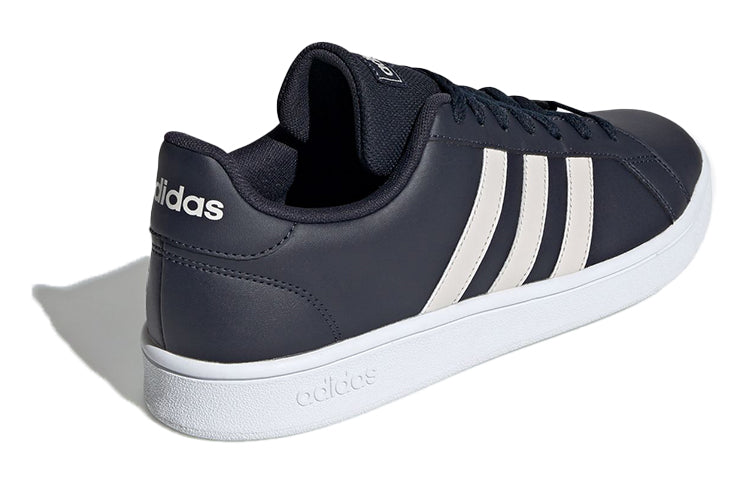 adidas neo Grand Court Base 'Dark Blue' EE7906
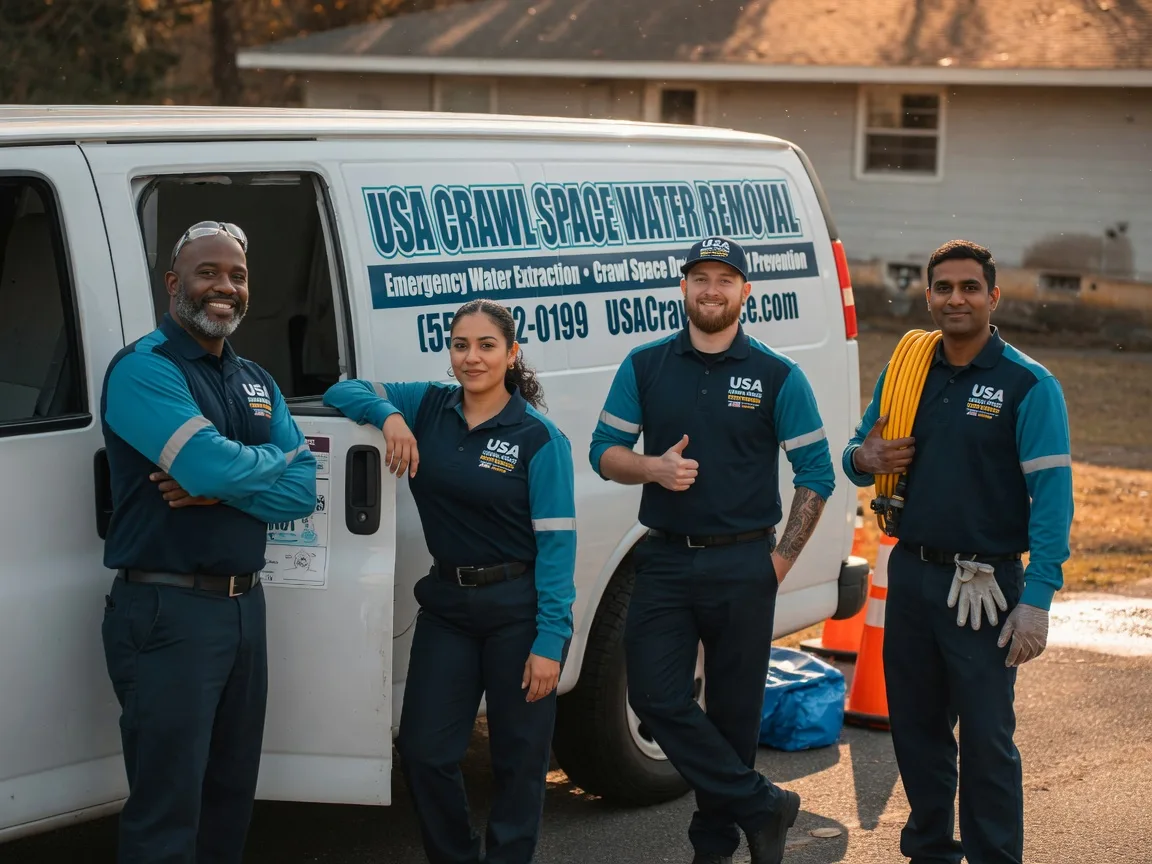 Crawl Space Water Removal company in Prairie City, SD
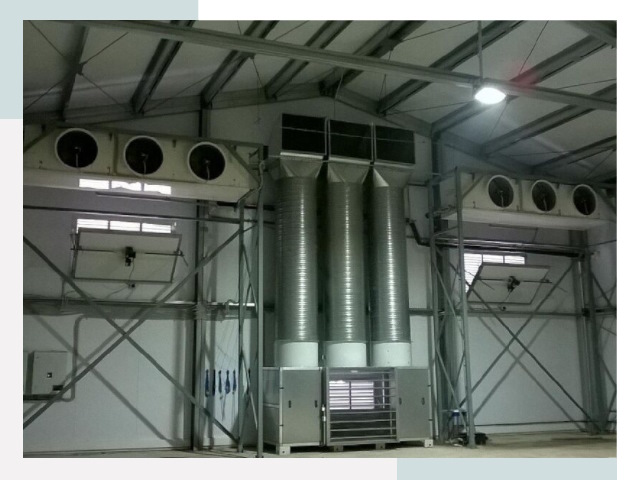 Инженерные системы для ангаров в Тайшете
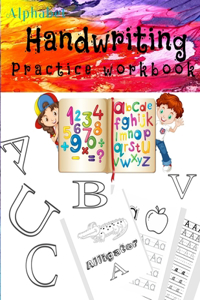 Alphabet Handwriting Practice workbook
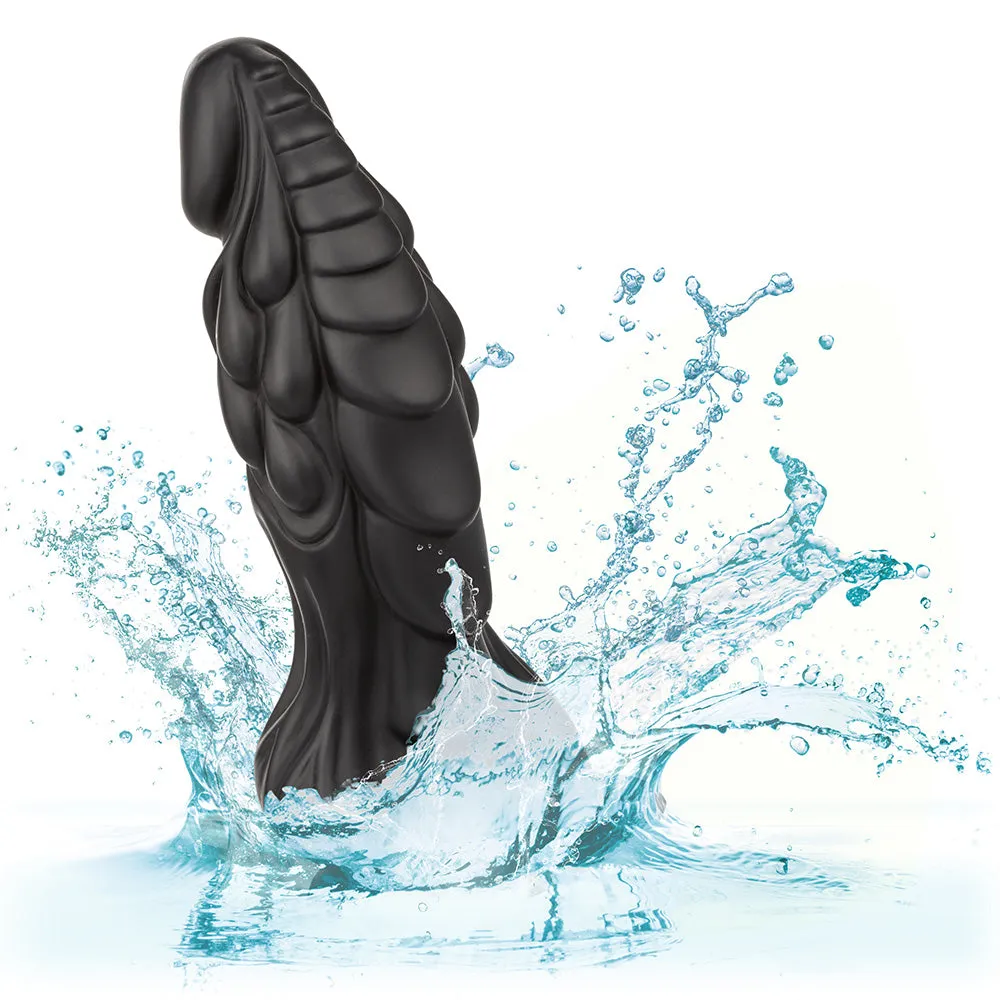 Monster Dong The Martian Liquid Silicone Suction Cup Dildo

- **DESCRIPTION OF THE TASK**: Please output the listing above in full, exactly as given, without its images.

- **FINAL ANSWER**:
 adidas neo Grand Court Base 'Dark Blue' EE7906
 Crawl Space Water Removal company in Prairie City, SD
 Инженерные системы для ангаров в Тайшете
 Alphabet Handwriting Practice workbook
 Monster Dong The Martian Liquid Silicone Suction Cup Dildo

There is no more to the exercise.